So, now that I picked up momentum with this hard drive cleanup business, I went ahead and moved a bunch of old stuff off my “regular” machine, to free up space for other things. Feels pretty good. A lot of the things I moved onto my portable hard drive were fascinations from years gone by that are no longer of any interest to me.
It sounds strange to hear myself saying that, but it’s true. Once upon a time, much of those topics absolutely fascinated me — held me in rapt attention. History… mythology… fiction… Now, I just don’t have any interest in them. They’re mildly intriguing, but they’re nowhere near as vital to me as they once were.
I think part of the reason is just getting older and growing up. The rest of it, I believe, is because ever since I figured out that my stress levels were self-perpetuating, and being under constant duress due to unrecognized environmental sensitivities, having my balance all out of whack, and having such a hard time each day, just getting by… ever since I figured that out and started to take steps to remedy things, I’ve had less and less need to escape into those worlds and entertain/distract myself with those activities. I’ve needed far less “soothing” activity to keep myself sane, ever since I figured out how to: A) listen to people, B) talk to people, C) relax, D) get myself feeling good even under not-so-great conditions, and E) just let it all go.
Before I knew how to do any of this, I was on constant edge, my sensitivities were off the charts, I had trouble staying upright, I was a bundle of nerves, I was constantly on edge over something, and I led a very, very, very controlled life, surrounded by people like me, who had issues of their own and couldn’t come to terms with them, and so — like me — were fascinated with all sorts of esoteric things, which kept them intrigued, entertained, and soothed.

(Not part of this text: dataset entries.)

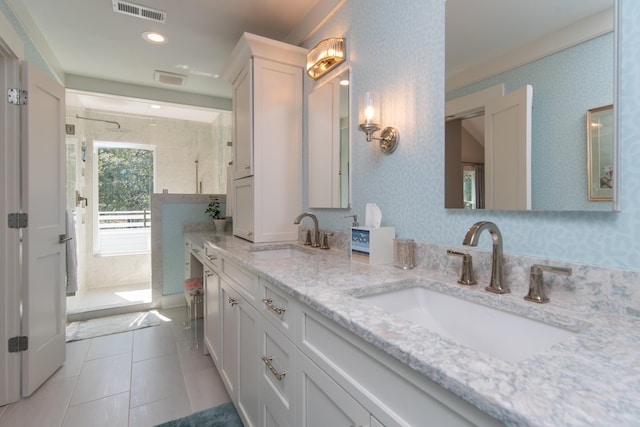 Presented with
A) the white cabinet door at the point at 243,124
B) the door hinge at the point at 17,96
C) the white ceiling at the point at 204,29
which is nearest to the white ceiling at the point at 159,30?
the white ceiling at the point at 204,29

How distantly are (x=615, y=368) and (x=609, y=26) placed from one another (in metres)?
0.85

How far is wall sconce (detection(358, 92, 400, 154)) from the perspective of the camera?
1496 millimetres

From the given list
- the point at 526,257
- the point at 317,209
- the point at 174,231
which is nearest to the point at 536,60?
the point at 526,257

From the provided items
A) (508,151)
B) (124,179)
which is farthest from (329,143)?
(124,179)

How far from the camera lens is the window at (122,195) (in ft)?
14.2

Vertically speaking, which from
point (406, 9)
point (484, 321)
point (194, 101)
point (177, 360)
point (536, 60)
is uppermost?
point (194, 101)

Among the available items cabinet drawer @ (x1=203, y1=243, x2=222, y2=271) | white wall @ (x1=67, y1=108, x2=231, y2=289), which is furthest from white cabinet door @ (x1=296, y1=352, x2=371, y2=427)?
white wall @ (x1=67, y1=108, x2=231, y2=289)

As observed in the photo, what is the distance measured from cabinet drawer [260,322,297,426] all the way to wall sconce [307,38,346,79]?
5.12 feet

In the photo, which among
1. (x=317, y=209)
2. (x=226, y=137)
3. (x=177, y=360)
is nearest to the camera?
(x=317, y=209)

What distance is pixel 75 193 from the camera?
3.61 m

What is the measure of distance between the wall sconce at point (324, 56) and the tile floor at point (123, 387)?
7.00 ft

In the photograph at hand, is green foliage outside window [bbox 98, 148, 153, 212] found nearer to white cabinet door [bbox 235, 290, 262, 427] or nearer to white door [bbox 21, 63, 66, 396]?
white door [bbox 21, 63, 66, 396]

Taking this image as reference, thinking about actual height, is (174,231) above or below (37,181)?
below

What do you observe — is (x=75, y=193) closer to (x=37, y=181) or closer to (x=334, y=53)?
(x=37, y=181) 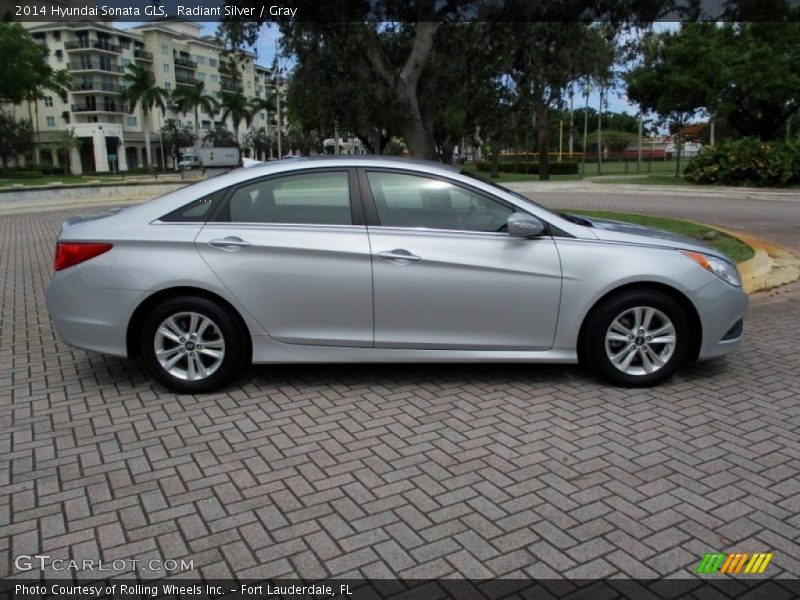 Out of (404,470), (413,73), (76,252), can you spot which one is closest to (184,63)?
(413,73)

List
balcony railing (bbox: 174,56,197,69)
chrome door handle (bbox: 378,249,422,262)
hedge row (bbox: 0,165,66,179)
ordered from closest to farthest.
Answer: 1. chrome door handle (bbox: 378,249,422,262)
2. hedge row (bbox: 0,165,66,179)
3. balcony railing (bbox: 174,56,197,69)

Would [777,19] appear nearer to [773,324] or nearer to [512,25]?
[512,25]

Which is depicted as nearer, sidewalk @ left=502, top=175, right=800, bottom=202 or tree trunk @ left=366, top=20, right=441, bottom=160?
tree trunk @ left=366, top=20, right=441, bottom=160

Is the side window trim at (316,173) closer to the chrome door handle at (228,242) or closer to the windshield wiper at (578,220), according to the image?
the chrome door handle at (228,242)

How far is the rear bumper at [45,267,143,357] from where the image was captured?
477cm

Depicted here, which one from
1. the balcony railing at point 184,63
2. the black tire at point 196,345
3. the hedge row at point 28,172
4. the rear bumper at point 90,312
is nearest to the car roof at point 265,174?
the rear bumper at point 90,312

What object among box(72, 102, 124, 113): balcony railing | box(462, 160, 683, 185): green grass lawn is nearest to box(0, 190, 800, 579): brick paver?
box(462, 160, 683, 185): green grass lawn

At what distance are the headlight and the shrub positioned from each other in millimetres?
24291

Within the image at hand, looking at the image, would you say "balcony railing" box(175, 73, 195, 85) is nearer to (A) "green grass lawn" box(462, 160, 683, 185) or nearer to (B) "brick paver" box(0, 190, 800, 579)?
(A) "green grass lawn" box(462, 160, 683, 185)

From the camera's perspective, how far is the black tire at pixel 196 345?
15.7ft

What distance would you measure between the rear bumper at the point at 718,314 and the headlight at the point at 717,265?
57mm

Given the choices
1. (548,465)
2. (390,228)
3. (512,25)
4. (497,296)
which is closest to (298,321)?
(390,228)

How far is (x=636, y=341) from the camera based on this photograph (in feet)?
16.0

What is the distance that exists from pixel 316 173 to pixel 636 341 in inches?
101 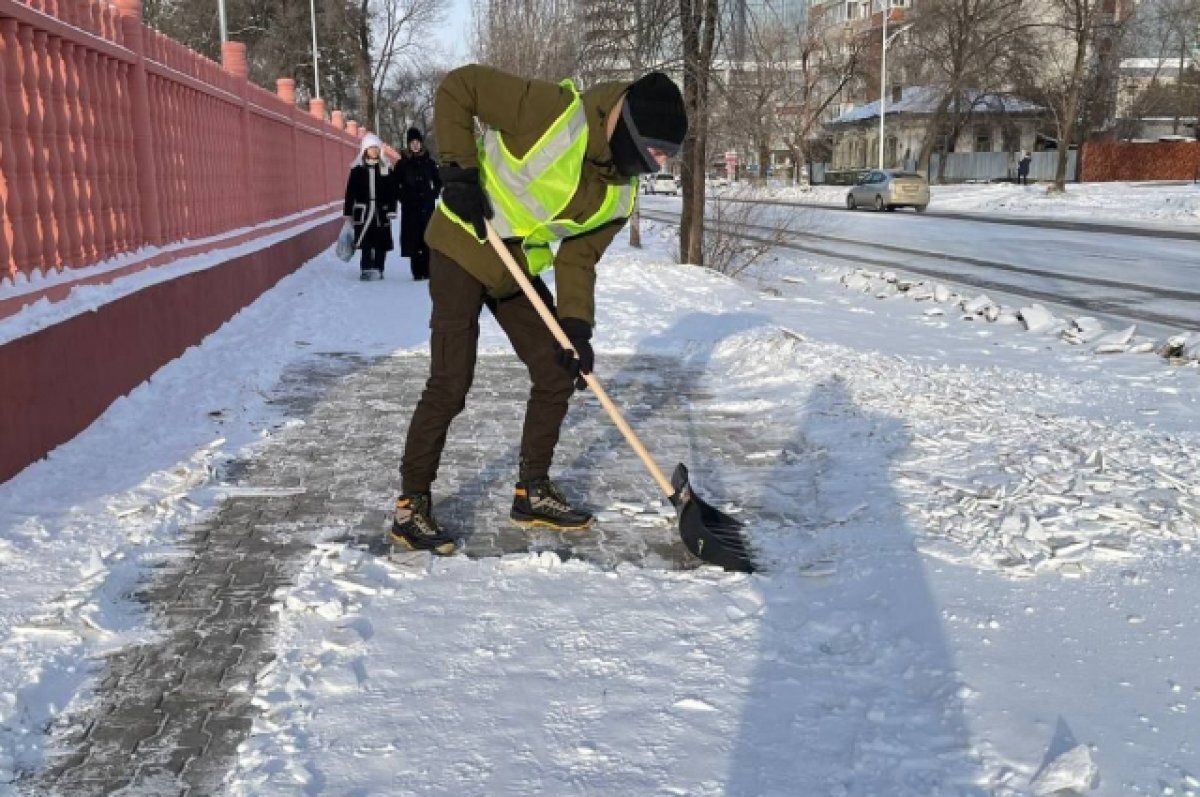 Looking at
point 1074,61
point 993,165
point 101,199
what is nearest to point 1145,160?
point 1074,61

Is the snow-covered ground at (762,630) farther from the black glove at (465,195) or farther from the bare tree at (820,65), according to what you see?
the bare tree at (820,65)

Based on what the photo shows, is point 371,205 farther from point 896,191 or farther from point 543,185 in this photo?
point 896,191

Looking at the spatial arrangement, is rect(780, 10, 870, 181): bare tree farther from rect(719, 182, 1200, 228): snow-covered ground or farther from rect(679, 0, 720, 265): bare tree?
rect(679, 0, 720, 265): bare tree

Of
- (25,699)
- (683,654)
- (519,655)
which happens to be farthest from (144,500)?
(683,654)

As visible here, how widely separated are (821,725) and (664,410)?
3.68 metres

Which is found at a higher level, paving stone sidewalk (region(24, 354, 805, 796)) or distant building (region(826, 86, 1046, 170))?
distant building (region(826, 86, 1046, 170))

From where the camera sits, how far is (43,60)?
5.36 meters

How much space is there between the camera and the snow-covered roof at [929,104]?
52.1 meters

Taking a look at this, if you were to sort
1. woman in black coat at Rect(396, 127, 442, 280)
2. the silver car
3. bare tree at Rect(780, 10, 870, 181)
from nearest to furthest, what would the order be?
woman in black coat at Rect(396, 127, 442, 280), the silver car, bare tree at Rect(780, 10, 870, 181)

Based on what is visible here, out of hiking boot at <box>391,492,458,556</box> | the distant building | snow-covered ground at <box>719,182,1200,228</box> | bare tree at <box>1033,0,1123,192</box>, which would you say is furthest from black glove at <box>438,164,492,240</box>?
the distant building

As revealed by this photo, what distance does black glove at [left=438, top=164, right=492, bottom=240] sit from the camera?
12.3 ft

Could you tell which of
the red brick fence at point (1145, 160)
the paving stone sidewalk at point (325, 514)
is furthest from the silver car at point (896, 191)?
the paving stone sidewalk at point (325, 514)

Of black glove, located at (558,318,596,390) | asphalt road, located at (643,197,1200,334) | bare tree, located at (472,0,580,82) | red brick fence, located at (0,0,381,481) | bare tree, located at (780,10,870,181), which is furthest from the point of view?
bare tree, located at (780,10,870,181)

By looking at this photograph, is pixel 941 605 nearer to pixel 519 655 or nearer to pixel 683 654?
pixel 683 654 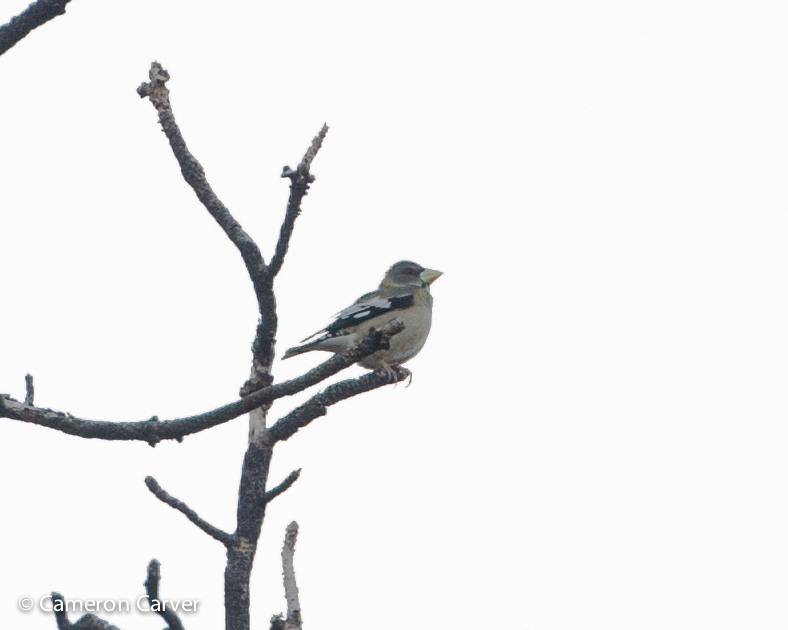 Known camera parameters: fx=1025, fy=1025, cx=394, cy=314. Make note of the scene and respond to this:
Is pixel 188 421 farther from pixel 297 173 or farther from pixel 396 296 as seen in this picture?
pixel 396 296

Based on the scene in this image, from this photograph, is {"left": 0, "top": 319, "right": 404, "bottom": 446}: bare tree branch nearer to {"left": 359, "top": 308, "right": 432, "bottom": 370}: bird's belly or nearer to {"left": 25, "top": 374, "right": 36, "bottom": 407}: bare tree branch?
{"left": 25, "top": 374, "right": 36, "bottom": 407}: bare tree branch

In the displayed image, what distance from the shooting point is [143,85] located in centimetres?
445

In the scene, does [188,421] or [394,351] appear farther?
[394,351]

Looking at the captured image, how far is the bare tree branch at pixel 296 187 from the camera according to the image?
4184 millimetres

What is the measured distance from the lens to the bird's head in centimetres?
1032

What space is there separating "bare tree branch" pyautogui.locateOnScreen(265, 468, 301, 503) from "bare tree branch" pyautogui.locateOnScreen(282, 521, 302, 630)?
9.3 inches

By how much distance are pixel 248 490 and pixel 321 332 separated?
3.61m

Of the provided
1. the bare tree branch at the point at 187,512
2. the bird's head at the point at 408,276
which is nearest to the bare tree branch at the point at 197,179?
the bare tree branch at the point at 187,512

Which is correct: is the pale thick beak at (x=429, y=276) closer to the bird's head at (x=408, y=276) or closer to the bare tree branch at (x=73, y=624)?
the bird's head at (x=408, y=276)

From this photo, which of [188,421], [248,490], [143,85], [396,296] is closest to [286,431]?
[248,490]

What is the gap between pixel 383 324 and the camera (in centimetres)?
862

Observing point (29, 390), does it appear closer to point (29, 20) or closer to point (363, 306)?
point (29, 20)

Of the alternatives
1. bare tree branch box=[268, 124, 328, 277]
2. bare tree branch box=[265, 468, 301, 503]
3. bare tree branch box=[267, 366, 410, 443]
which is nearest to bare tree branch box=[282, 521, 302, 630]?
bare tree branch box=[265, 468, 301, 503]

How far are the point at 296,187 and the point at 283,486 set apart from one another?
1.52 m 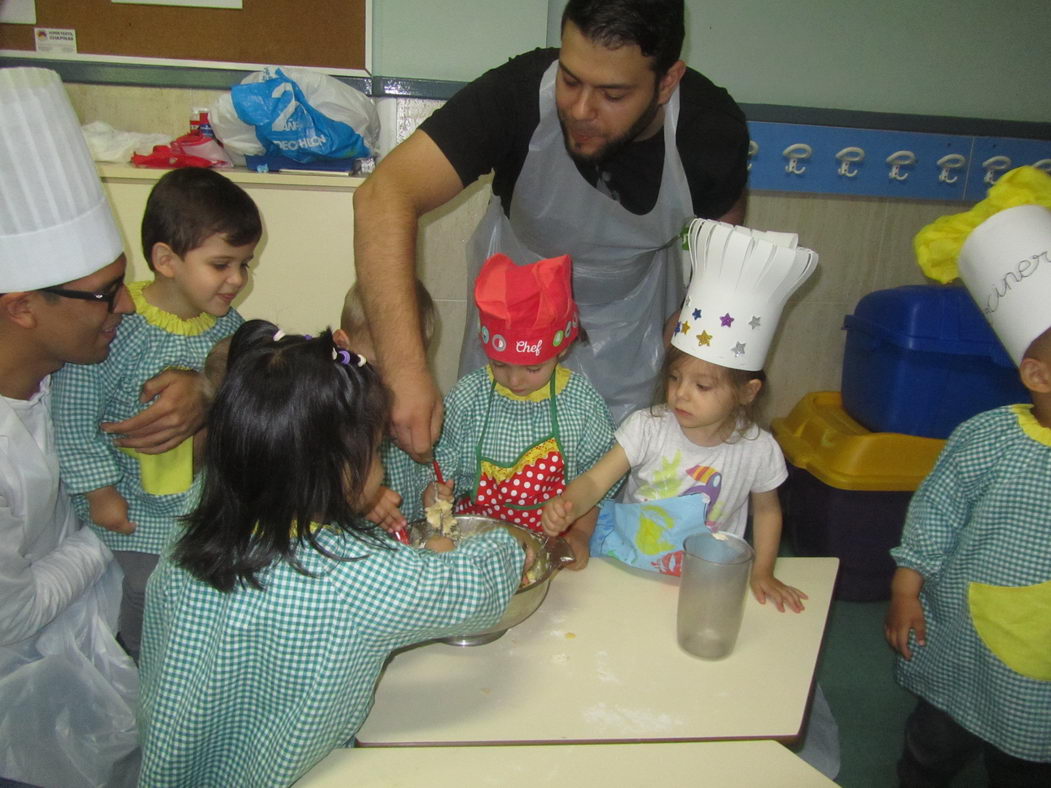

Holy smokes, is my life different now.
And as I look around my home office, I see a whole lot of books that have no appeal to me anymore. They are familiar, being in their usual spots on the shelves, but I have no interest in picking any of them up and reading them. Of course, the fact that reading is now more of a chore for me than an enjoyable pastime, probably has something to do with it, but even if I could read them all easily , I don’t think I’d have much interest. I’m too busy living.
Yeah, my life is quite different. And in a couple of months, when I am away from this god-awful job and getting on with my life (hopefully closer to home – that’s the plan), I intend to go through this office and turn it into a place I recognize now as some place I would choose to be. I really have to get rid of a lot of these books — I can give them away, I suppose, assuming that they don’t have sentimental value for me. I can also box them up and stash them somewhere. I also need to get rid of a lot of “supplies” I’ve been hoarding (no, not *that* kind of reality-t.v. hoarding), which I have not used in years, and probably never will.
Anyway, that’s a few months off. In the meantime, I just need to keep on keepin’ on, the way I have been, not make any more of a mess than I already have, and keep focused on what matters to me right now.
Because that’s changing. For the better.